The Association for Applied & Clinical Sociology

This organization offers a unique certification for members. The field of Applied or Clinical Sociology is not one that is often found in job descriptions. However, if you have a master's degree you can attain the certification and apply to positions that might otherwise attract Public Health, Social Work, or Health Coaching professionals. This is a burgeoning field that is backed by the long tradition of Sociological studies and practices.

ASA_logo

ASA

The American Sociological Association

The ASA caters to a wide swath of the Sociological community that includes high school teachers, post-secondary students, university faculty, community college instructors, and non-pedagogical professions. As a member, you will be in the company of over 20,000 members who are active in 52 special interest sections. They publish ten professional journals and magazines and four section journals.

ISA_logo

ISA

International Sociological Association

When you become a member of the ISA, you will have access to colleagues worldwide who share your research interests. You'll have access to online and print journals, book discounts, online research databases, as well as digital newsletters. You will also have the opportunity to meet your international colleagues at conferences held in cities throughout the world.

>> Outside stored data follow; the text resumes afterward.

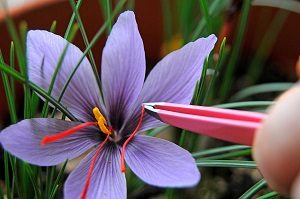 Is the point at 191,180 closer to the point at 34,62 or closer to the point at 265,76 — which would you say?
the point at 34,62

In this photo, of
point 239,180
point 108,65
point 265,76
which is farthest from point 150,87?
point 265,76

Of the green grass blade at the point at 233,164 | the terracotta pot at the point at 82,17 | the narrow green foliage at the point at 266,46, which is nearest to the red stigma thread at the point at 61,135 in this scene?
the green grass blade at the point at 233,164

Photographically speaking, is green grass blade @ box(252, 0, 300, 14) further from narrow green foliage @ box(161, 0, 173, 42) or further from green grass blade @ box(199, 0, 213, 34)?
green grass blade @ box(199, 0, 213, 34)

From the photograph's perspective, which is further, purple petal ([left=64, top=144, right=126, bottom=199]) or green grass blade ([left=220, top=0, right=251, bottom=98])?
green grass blade ([left=220, top=0, right=251, bottom=98])

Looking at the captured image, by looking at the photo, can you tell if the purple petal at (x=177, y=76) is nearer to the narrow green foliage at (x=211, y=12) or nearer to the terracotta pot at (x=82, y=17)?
the narrow green foliage at (x=211, y=12)

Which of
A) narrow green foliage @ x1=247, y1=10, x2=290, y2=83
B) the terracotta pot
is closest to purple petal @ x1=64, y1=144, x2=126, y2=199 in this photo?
the terracotta pot

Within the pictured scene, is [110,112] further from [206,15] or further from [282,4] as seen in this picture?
[282,4] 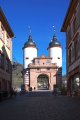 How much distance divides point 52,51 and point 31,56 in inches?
231

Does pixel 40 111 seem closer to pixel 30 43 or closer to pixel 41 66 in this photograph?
pixel 41 66

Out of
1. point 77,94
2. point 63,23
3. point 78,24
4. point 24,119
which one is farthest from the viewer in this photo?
point 63,23

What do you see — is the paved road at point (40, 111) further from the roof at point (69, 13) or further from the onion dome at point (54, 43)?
the onion dome at point (54, 43)

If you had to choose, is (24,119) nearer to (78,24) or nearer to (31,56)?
(78,24)

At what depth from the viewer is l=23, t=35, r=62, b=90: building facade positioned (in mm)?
89188

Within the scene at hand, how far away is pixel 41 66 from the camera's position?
295ft

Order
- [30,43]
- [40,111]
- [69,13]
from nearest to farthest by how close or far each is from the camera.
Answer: [40,111] → [69,13] → [30,43]

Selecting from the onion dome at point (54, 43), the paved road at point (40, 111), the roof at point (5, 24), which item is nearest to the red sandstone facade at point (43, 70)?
the onion dome at point (54, 43)

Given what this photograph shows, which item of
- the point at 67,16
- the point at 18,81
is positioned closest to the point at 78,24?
the point at 67,16

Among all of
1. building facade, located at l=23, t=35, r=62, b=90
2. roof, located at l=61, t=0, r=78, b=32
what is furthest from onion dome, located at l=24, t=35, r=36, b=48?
roof, located at l=61, t=0, r=78, b=32

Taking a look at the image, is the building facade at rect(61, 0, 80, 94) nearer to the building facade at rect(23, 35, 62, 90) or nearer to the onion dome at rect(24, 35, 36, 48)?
the building facade at rect(23, 35, 62, 90)

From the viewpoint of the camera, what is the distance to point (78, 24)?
38.1 m

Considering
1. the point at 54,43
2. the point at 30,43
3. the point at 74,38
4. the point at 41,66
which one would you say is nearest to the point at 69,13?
the point at 74,38

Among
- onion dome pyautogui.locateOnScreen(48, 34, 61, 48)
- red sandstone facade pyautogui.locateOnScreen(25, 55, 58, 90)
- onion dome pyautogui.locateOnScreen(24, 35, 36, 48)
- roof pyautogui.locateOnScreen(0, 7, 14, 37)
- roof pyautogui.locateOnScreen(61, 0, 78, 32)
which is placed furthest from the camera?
onion dome pyautogui.locateOnScreen(24, 35, 36, 48) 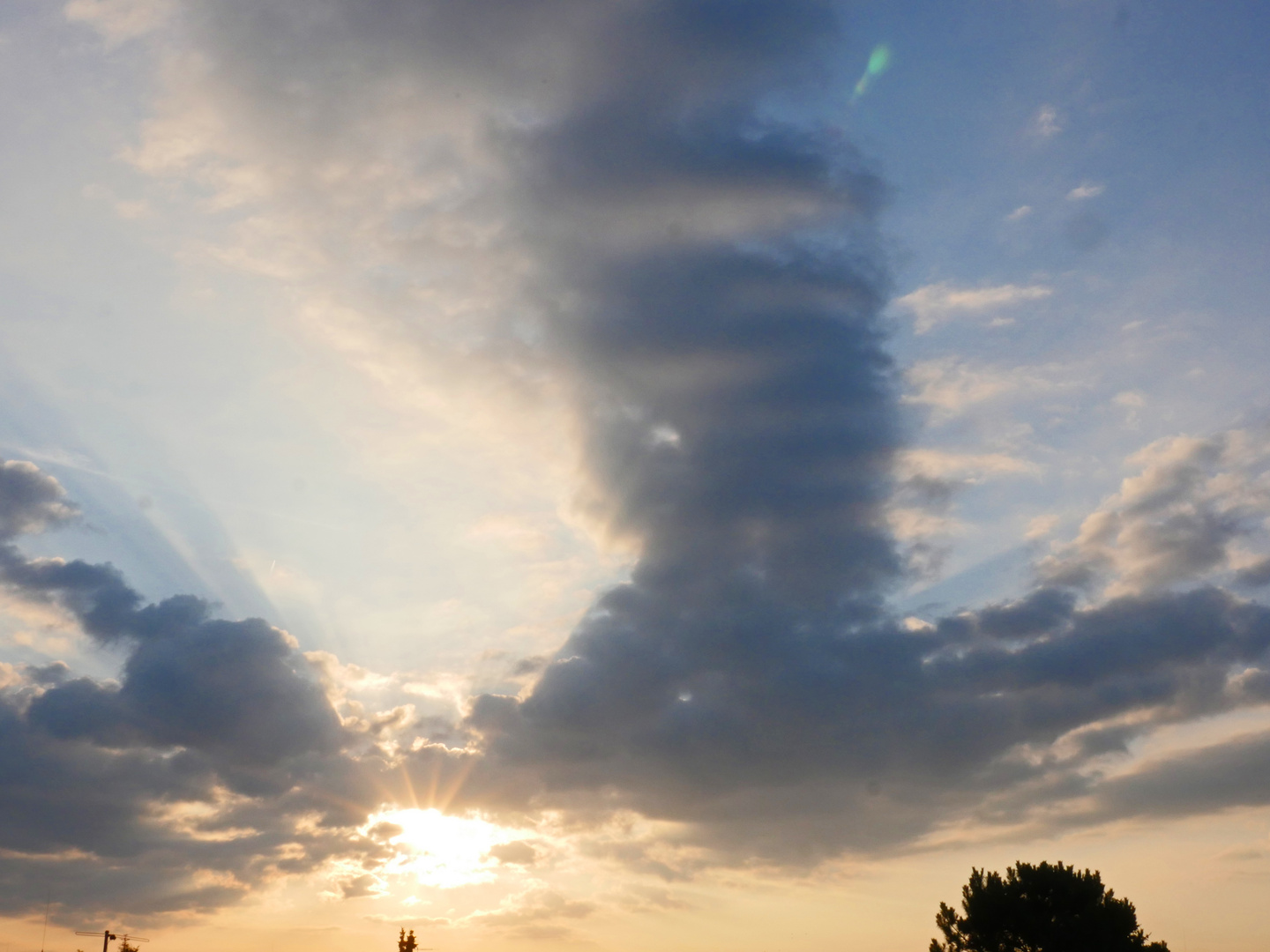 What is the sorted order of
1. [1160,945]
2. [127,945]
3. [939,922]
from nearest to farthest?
[1160,945] < [939,922] < [127,945]

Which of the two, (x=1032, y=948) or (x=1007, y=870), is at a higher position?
(x=1007, y=870)

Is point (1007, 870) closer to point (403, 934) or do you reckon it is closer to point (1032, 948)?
point (1032, 948)

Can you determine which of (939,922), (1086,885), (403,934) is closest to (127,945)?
(403,934)

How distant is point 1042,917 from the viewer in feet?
309

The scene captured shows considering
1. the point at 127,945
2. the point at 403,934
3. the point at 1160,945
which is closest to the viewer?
the point at 403,934

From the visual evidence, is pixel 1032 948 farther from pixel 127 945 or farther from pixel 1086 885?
pixel 127 945

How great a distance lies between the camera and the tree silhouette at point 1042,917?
3629 inches

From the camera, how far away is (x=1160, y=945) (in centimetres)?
9369

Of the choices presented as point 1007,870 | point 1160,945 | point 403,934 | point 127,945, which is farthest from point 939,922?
point 127,945

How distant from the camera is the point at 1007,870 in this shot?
98125 millimetres

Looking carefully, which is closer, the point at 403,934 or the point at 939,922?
the point at 403,934

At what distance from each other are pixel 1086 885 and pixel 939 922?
44.2 feet

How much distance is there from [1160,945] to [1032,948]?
11015 mm

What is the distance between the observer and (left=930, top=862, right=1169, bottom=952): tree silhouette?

Choosing an Accredited College


It's vital to start your education at a regionally or nationally accredited college. That is because you need to have an education that employers and other academic institutions will recognize. Otherwise, you might find that you have trouble with employment or that you cannot receive admission to a graduate program. Always check to ensure that your program has verifiable credentials.

Online vs On-Campus vs Hybrid


You can now choose between these three options when pursuing a degree. If you choose a non-traditional online or hybrid program, consider how this choice will impact your long-term goals. That is, if you are seeking to become a researcher, will you still be able to acquire the necessary knowledge and skills as an on-campus student who might be able to conduct supervised research.

Additional Questions


Does the College Have Post-Graduate Job Placement Help & Assistance?

No matter whether you are aiming towards a career in academia or otherwise, discuss how the college supports its graduates. This might be especially important when attending an online institution that may not have contacts in your local area. An online college can still offer resume assistance or help finding work with government agencies. Discuss your career plans with an adviser.

Why You Need to Consider the Rating/Accreditation Can Affect Your Salary

Don't discount the rating or accreditation of your college, because your future employers won’t. Employers like to hire students from highly rated and accredited colleges or universities. You can complete a perfectly good degree that's accredited by a regional accrediting body, it's even better to find a department or degree that is accredited by a national accrediting body such as the Commission on the Accreditation of Programs in Applied and Clinical Sociology.